*** Block opens ***
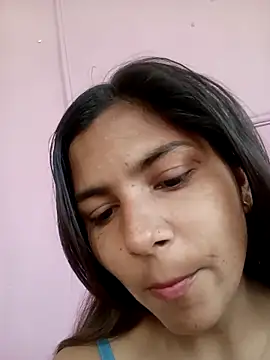 Snapshot of heena-3678 chatting on March 14, 10:10 am heena-3678 online show from March 14, 10:10 am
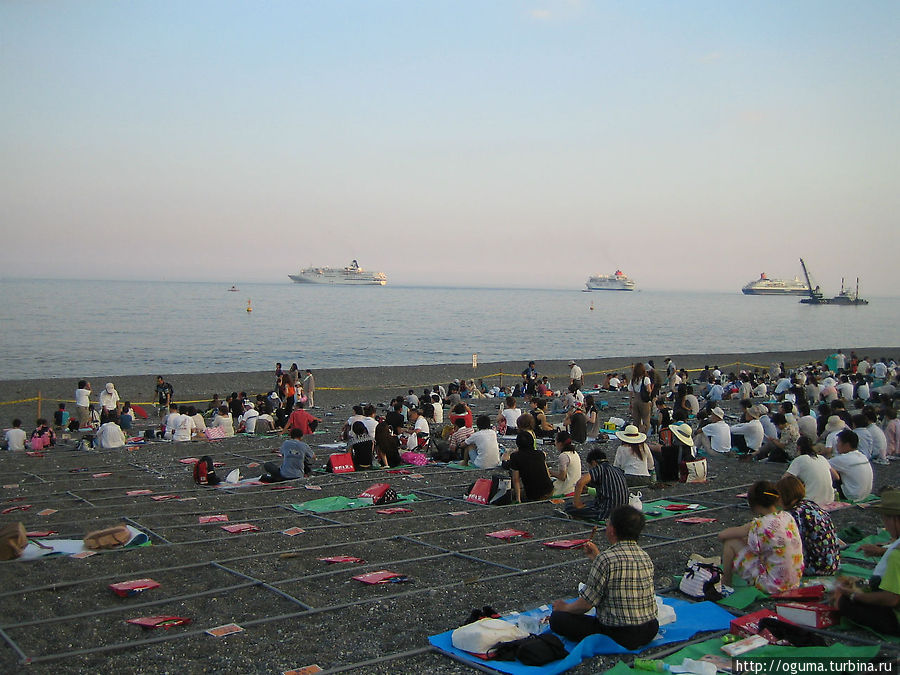 Первые ряды на берегу моря в городе Кумано. Здесь проходит один из самых известных и крупнейших фейерверков в Японии. Вдали видны круизные корабли, которые также подплыли на безопасное расстояние для наблюдения за фейерверком Япония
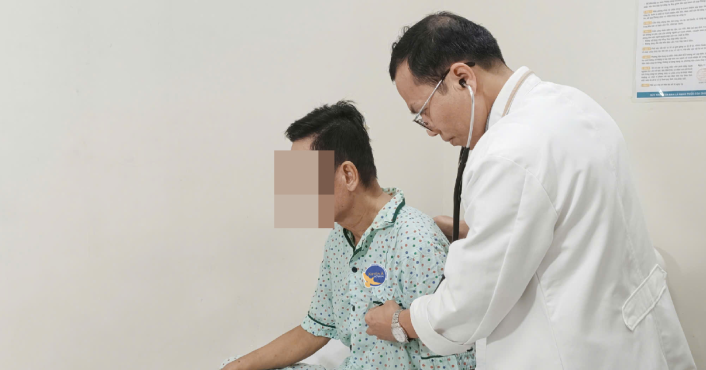 Gia đình nhanh trí giúp người đàn ông ngừng tim sống sót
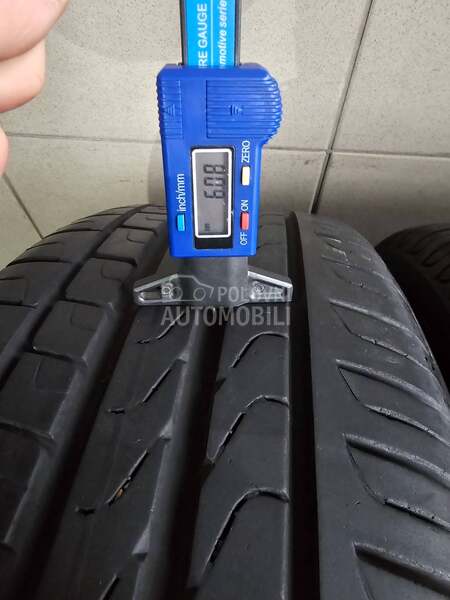 Continental 215/55 R17 Letnja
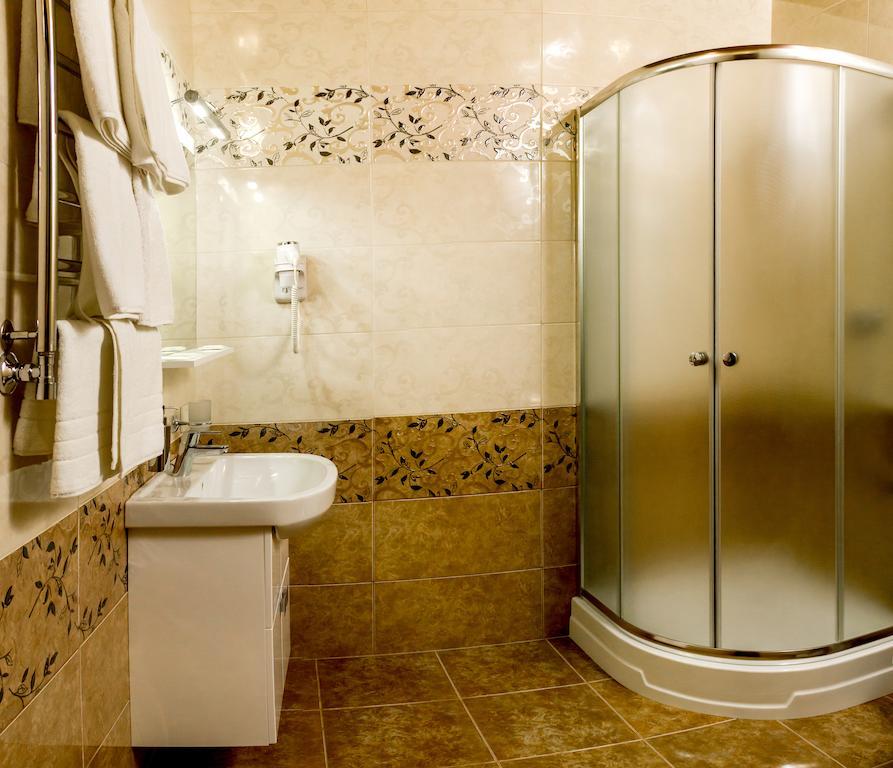 Hotel Premier Dniprodzerzhynsk Ruang foto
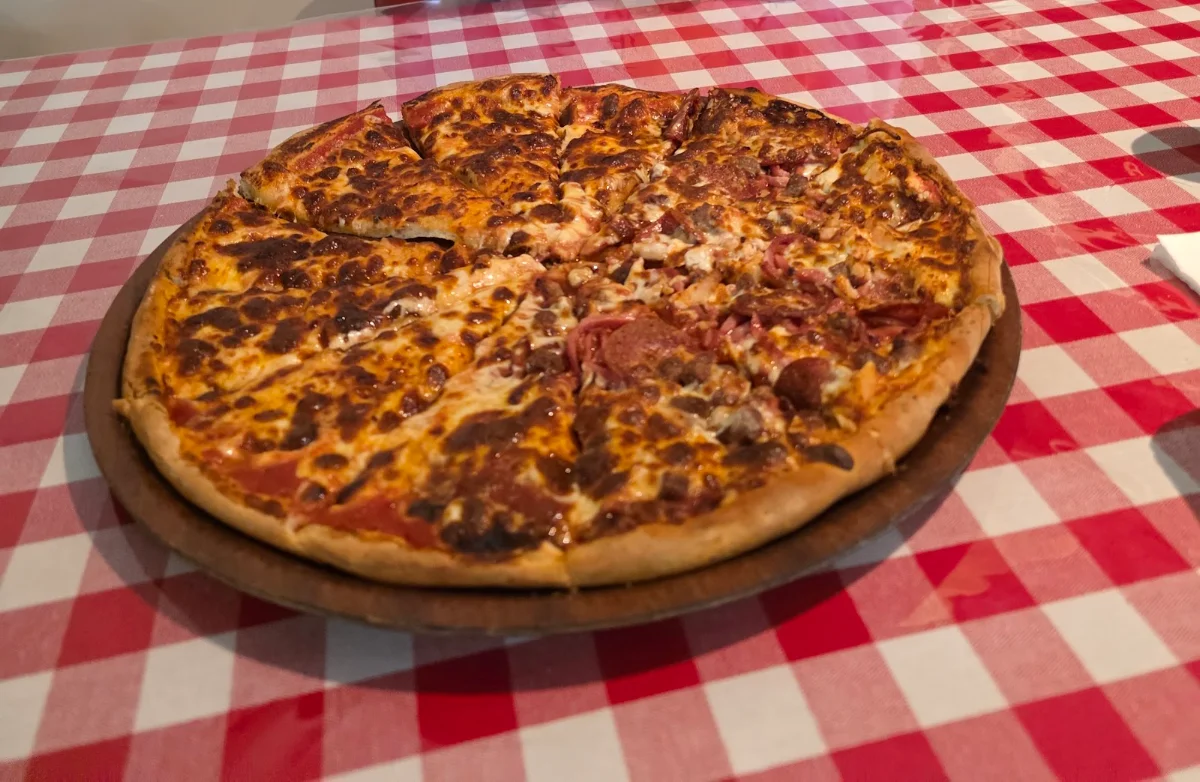 Highlights, Tony's Pizza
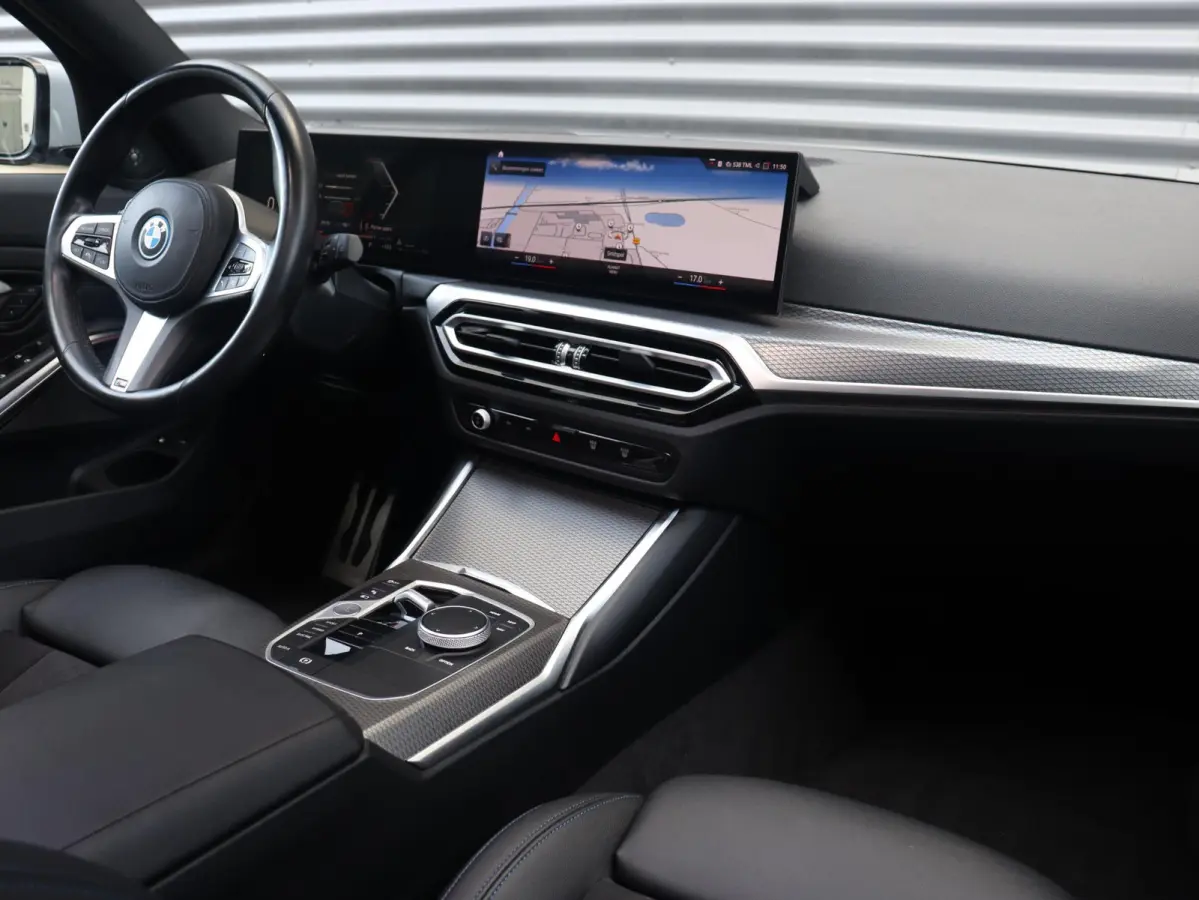 330e | SoH 87% | M Sportpakket | Panodak | Head-Up | Trekhaak | Harman Kardon | Elektr. Stoelen | Adaptive Cruise Control | Adaptief Onderstel | 19'' LMV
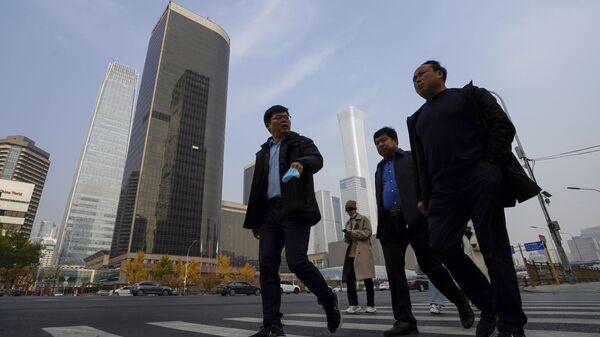 Люди на фоне центрального делового района Пекина - 俄羅斯衛星通訊社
*** Block closes ***
* _EXERCISE DESCRIPTION_
Pictures are to be left out; set down everything else in the records exactly.

* _ANSWER FOR THE TASK_
 Snapshot of heena-3678 chatting on March 14, 10:10 am heena-3678 online show from March 14, 10:10 am
 Первые ряды на берегу моря в городе Кумано. Здесь проходит один из самых известных и крупнейших фейерверков в Японии. Вдали видны круизные корабли, которые также подплыли на безопасное расстояние для наблюдения за фейерверком Япония
 Gia đình nhanh trí giúp người đàn ông ngừng tim sống sót
 Continental 215/55 R17 Letnja
 Hotel Premier Dniprodzerzhynsk Ruang foto
 Highlights, Tony's Pizza
 330e | SoH 87% | M Sportpakket | Panodak | Head-Up | Trekhaak | Harman Kardon | Elektr. Stoelen | Adaptive Cruise Control | Adaptief Onderstel | 19'' LMV
 Люди на фоне центрального делового района Пекина - 俄羅斯衛星通訊社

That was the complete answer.